This review confirms the consensus concerning the key control of the frequency and severity of floods in Venice exerted by historic and future RSL rise. Hence, understanding and predicting the future evolution of extreme water heights in Venice depend critically on the availability of RSL rise projections with lower uncertainty than at present. A large fraction of such uncertainty is related to the future emission scenario. Adopting a moderate-emission-mitigation-policy scenario (RCP2.6) or a high-emission scenario (RCP8.5) would imply a 30 % difference in the projected 100-year ESL at the end of the 21st century. Another major source of uncertainty concerns the melting of ice sheets, which accounts for the largest increase in the 100-year ESL at the end of this century, particularly for a high-emission scenario. Further, scenarios for local anthropogenic and long-term natural subsidence need to be developed as they can further contribute to the future increase in extreme water heights. Other factors, such as changes in storminess or the deviation of the Mediterranean mean sea level from that of the subpolar North Atlantic (caused by steric effects and redistribution of mass within the Mediterranean Sea), appear to be less important (see Zanchettin et al., 2021, in this special issue).

Reducing uncertainty in the future projections of water height extremes is only one aspect of the research needed. The other aspect is adaptive planning of coastal defences to consider the large uncertainty in future evolution. A moderate scenario suggests a 10 % and 30 % increase in 100-year ESL in 2050 and 2100, respectively. A high-emission scenario shows a 25 % increase already in 2050, reaching 65 % in 2100. These ranges are further enlarged by the uncertainty in scenario projections (leading to a 100-year ESL increase of up to 65 % and 160 % in 2050 and 2100, respectively), which should be further expanded to higher values including high-end scenarios (see Zanchettin et al., 2021, in this issue). Further, the inclusion of uncertainties in future subsidence is required to assess the likely range of future extreme water heights, which provide the actual information for the hazard to be faced by coastal defences and the environment of the city and of the lagoon. In other words, the uncertainty range in extreme water heights is larger than in ESLs and should be detailed at a finer spatial scale. The large range of possible changes, especially after 2050, is not expected to be reduced substantially in the upcoming years as it largely relies on human decisions and pervasive modelling uncertainties, which limits the generation of constrained climate information and poses major challenges for policy-making decisions on the development of effective adaptation measurements. These results (see also Lionello et al., 2020, in this special issue) stress the need for planning and implementing defence strategies of Venice that can be adapted to face the large range of plausible future sea level extremes.

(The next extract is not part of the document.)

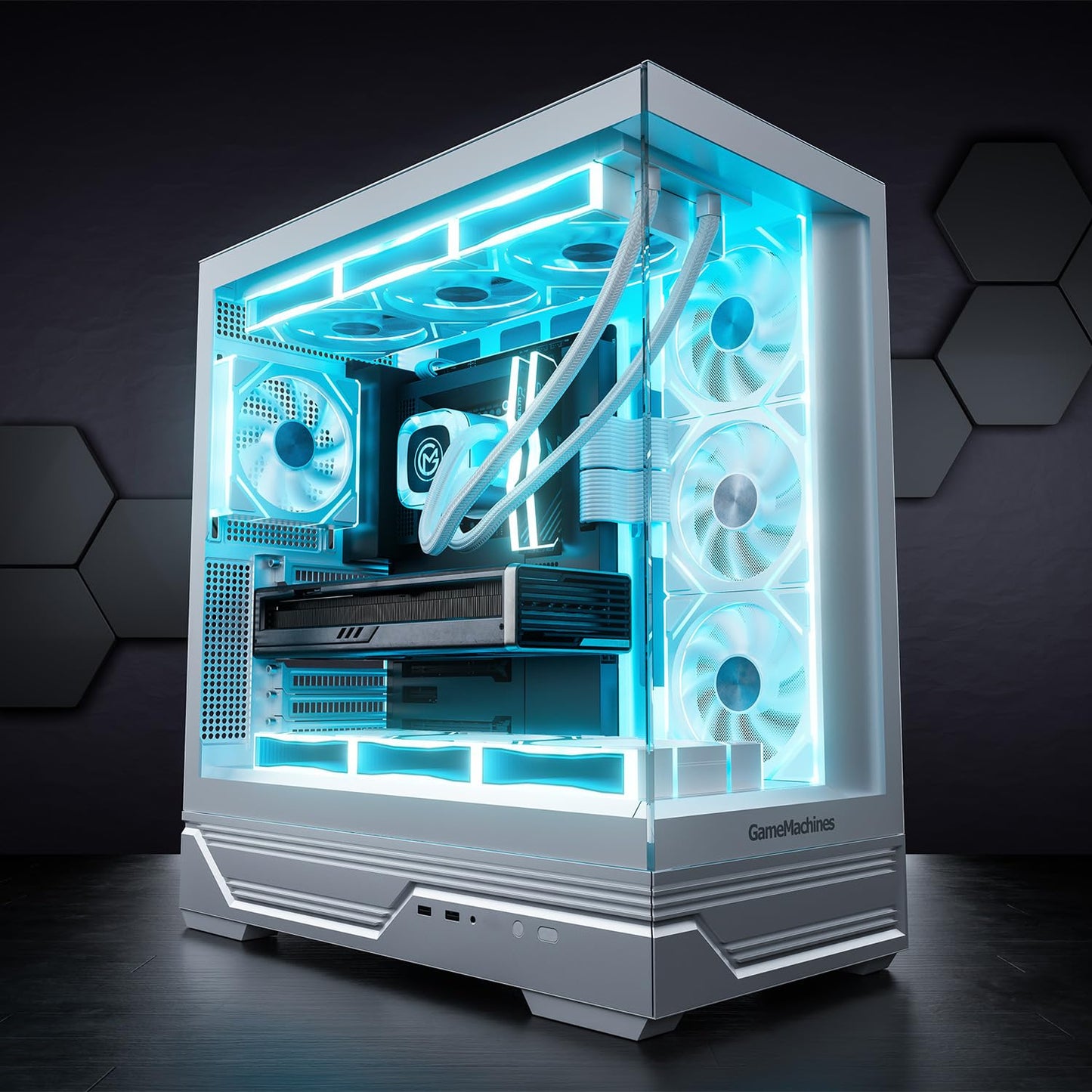 Gaming PC GameMachines Apex Snow Edition ar AMD Ryzen 7 5700X, Radeon RX 9060 XT 16GB, 1000GB SSD, 32GB DDR4, Windows 11 Pro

Appendix A: Selected major events

Here we present a short description of extreme sea level events based on original reports. Each description is based on the cited sources, which often include synoptic weather maps and diagrams of relevant meteorological parameters (see Table A1)

A1 15 January 1867

On 15 January 1867, that is just a few years before the beginning of regular sea level records, a remarkable storm surge occurred. Although no tide gauge data are available, contemporary sources reported measurements taken at local hydrometers.

Zantedeschi (1866–67), quoting the local civil engineering office (Ufficio del Genio Civile), reported that the maximum observed water height was 1.59 m “above the common ordinary high water marked at the royal hydrometer in the Grand Canal”. The “common ordinary high water” is also known as the “comune marino” (CM), that is the upper edge of the green belt formed by algae on quays and walls, often indicated by an engraved horizontal mark and/or a “C” (Rusconi, 1983; Camuffo and Sturaro, 2004). According to Dorigo (1961a) the ZMPS is 22.46 cm below the CM of 1825, upon which the tide gauge zero at S. Stefano was based. Therefore, under the hypothesis that the same CM was adopted at the royal hydrometer and at S. Stefano, the maximum water height should have been approximately 181 cm above the ZMPS.

However, later sources gave different values. Annali (1941) reported 132 cm above the 1825 CM; therefore the height would turn out to be 154 cm (153 is reported, maybe due to rounding). Dorigo (1961b) also reported 153 cm, probably quoting Annali (1941).

Table A1List of the events higher than 100 cm alongside the respective water height maxima. AN41: Annali, 1941; CA01: Canestrelli et al., 2001; CA19: Cavaleri et al., 2019; CA20: Cavaleri et al., 2020; CPSM: CPSM, 2019; DE06: de Zolt et al., 2006; DO61: Dorigo, 1961b; DO68: Dorigo, 1968; ISPRA: ISPRA, 2008–2018; ISP19: ISPRA-2019; ISP20: ISPRA, CPSM and CNR-ISMAR (2020).

* Two water height peaks during the same event.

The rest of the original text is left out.